Incholate, Hudson would only groan at them when prodded, spurting gibberish in a definite a-b-a-b, c-d-c-d, e-f-e-f, g-g rhyme pattern.

“Come on, professor,” said Lucy, “we have to get you home.”

“Love is too young to know what conscience is/Yet who knows not conscience is born of love?” Hudson groaned convulsively. He rolled over and lay face-down in a pool of composition textbook pages.

“Oh man, oh man!” cried Adam, who was not at all used to Hudson’s escapades. “This is bad. What’s wrong with him?”

“Then, gentle cheater, urge not my amiss/Lest guilty of my faults thy sweet self prove.” Hudson spat out the words as if they were choice-cut chewing tobacco.

“Isn’t it obvious?” said Lucy, a veteran of hauling Hudson hither and yon in the dead of night. “He went on another sonnet bender. He’s been reading and writing them all night, and his brain sonnet level is probably way north of .08.”
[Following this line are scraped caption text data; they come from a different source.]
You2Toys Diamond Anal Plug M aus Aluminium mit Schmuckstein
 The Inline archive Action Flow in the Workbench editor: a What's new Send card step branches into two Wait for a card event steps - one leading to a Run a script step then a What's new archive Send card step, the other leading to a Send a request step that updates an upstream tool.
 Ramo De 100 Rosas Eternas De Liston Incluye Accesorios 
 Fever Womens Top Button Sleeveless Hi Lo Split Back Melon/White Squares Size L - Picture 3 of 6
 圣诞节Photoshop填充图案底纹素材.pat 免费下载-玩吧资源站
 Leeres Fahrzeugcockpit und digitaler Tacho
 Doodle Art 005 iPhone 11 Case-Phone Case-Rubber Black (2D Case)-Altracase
“For, thou betraying me, I do betray/My nobler part to my gross body’s treason,” said the professor with a sound halfway between a sneeze and vomiting.

“What are we gonna do?” Adam was on the verge of panic.

“Don’t worry. We just need to get the poetry content of his brain down a little bit so we can walk him home,” said Lucy. “Did you bring that copy of Emery’s Twilight of the Vampires like I asked?”